[[ Data extract, beginning ]]

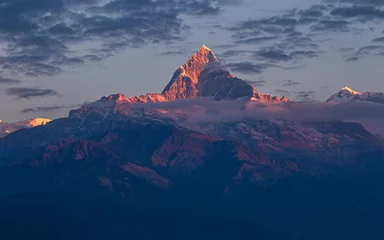 Crédence de cuisine en verre imprimé Annapurna Landscape view of Mount Machhapuchre  range in Pokhara, Nepal.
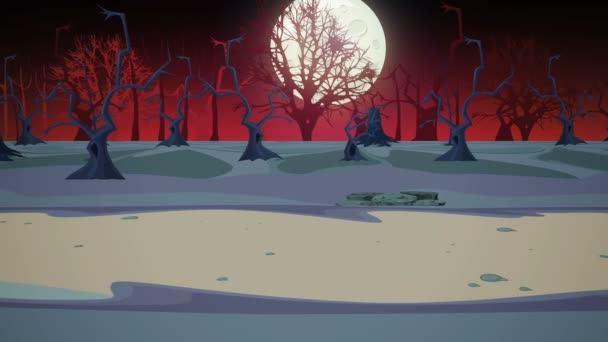 Halloween Atajo Camino Con Bosque Árboles Miedo Noche Luna Llena — Vídeo de stock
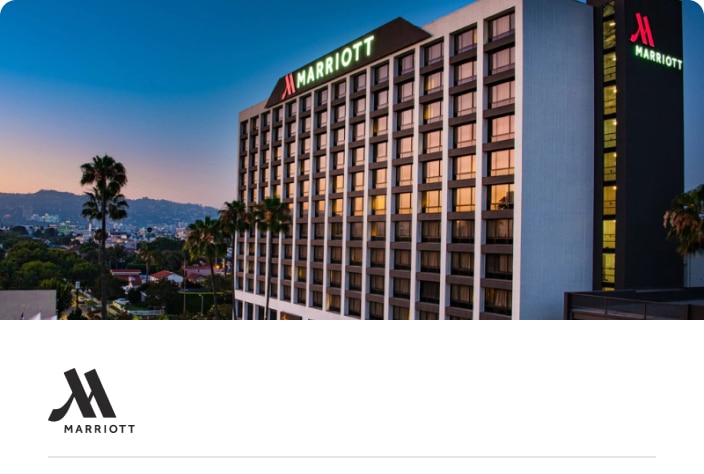 Image of an exterior view of the Beverly Hills Marriott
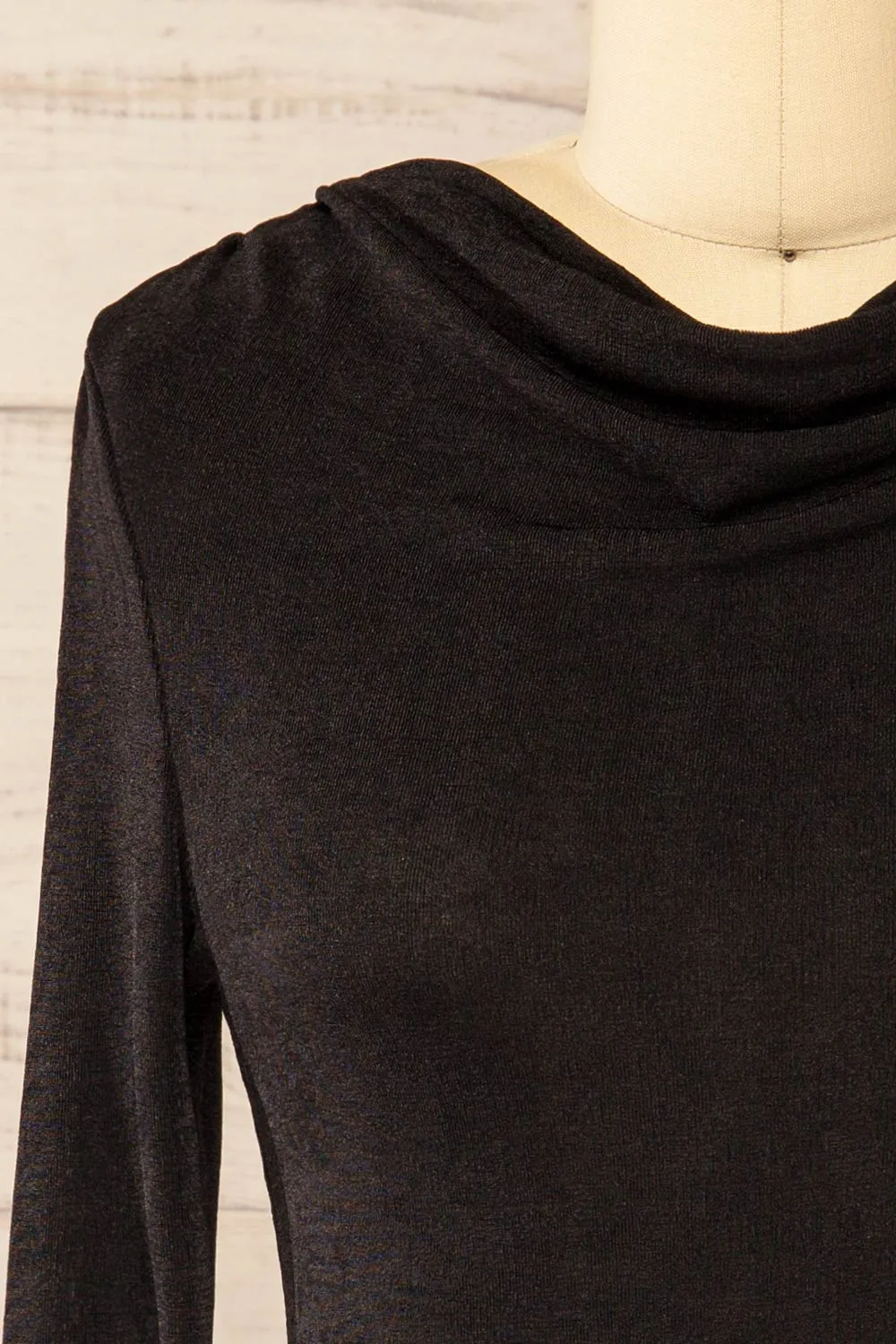 Kotidien | Black Sheer Top with Cowl Neckline sold by Boutique 1861 product image thumbnail 2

[[ Data extract, end ]]

| Problem requirements |
Without including the pictures, copy all of the data exactly.

| Response below |
 Crédence de cuisine en verre imprimé Annapurna Landscape view of Mount Machhapuchre  range in Pokhara, Nepal.
 Halloween Atajo Camino Con Bosque Árboles Miedo Noche Luna Llena — Vídeo de stock
 Image of an exterior view of the Beverly Hills Marriott
 Kotidien | Black Sheer Top with Cowl Neckline sold by Boutique 1861 product image thumbnail 2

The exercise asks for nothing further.